Source data Block Start
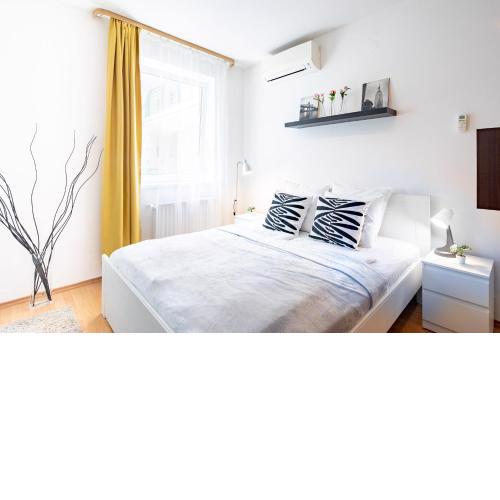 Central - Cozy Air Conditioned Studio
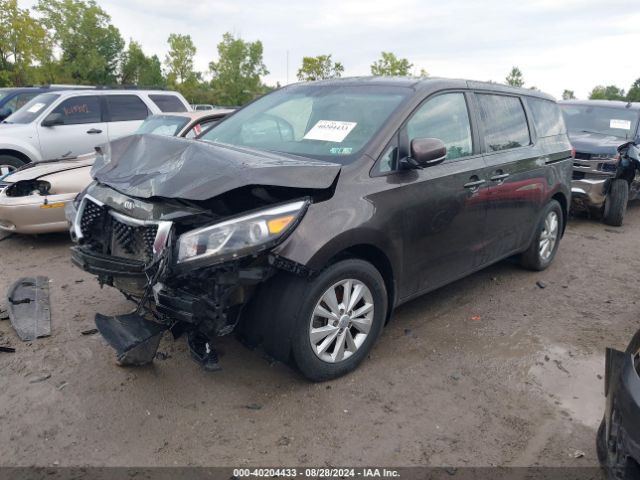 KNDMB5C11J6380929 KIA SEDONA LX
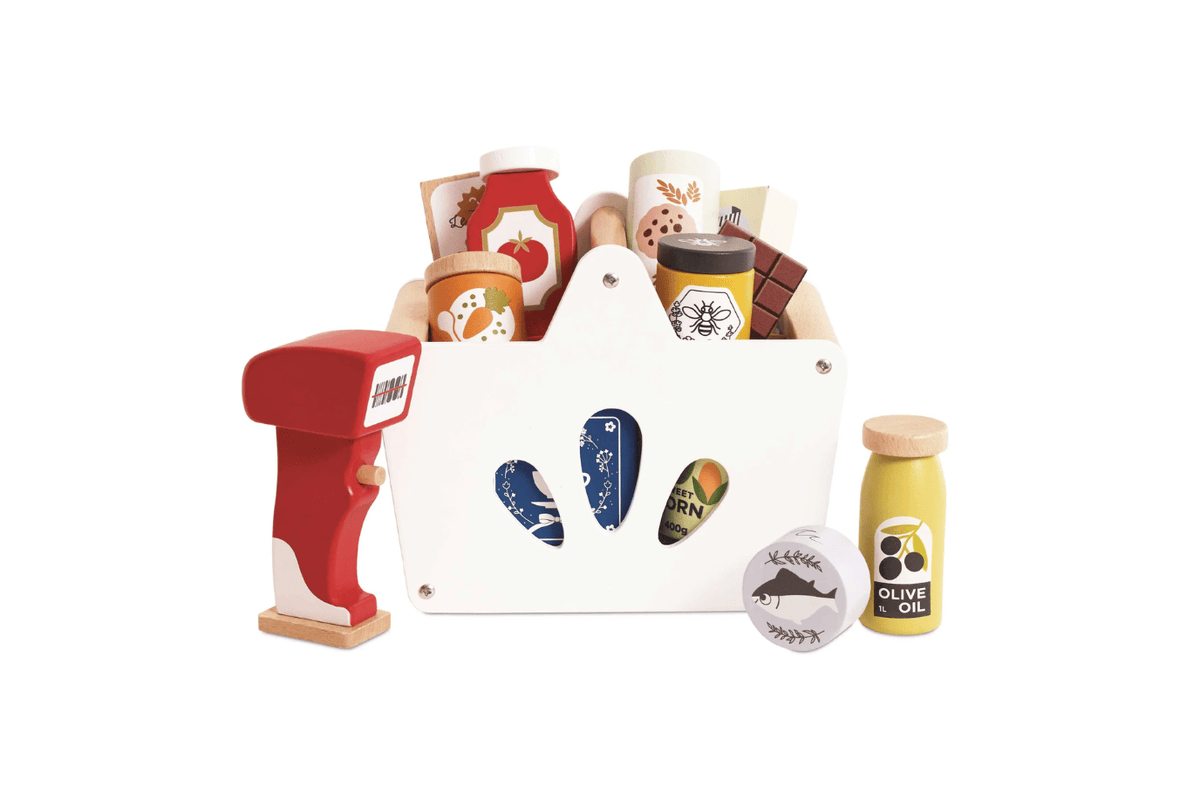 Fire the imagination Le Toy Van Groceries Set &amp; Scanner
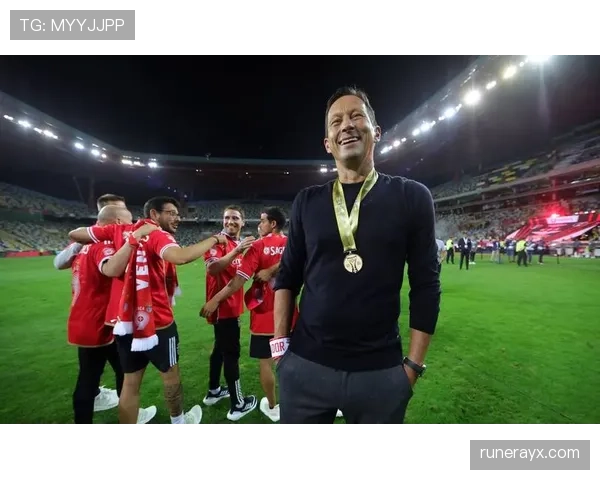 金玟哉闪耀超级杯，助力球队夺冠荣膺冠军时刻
Source data Block End
What to work on: Once more, please print the whole listing exactly, omitting each image.

Output for this exercise:
 Central - Cozy Air Conditioned Studio
 KNDMB5C11J6380929 KIA SEDONA LX
 Fire the imagination Le Toy Van Groceries Set &amp; Scanner
 金玟哉闪耀超级杯，助力球队夺冠荣膺冠军时刻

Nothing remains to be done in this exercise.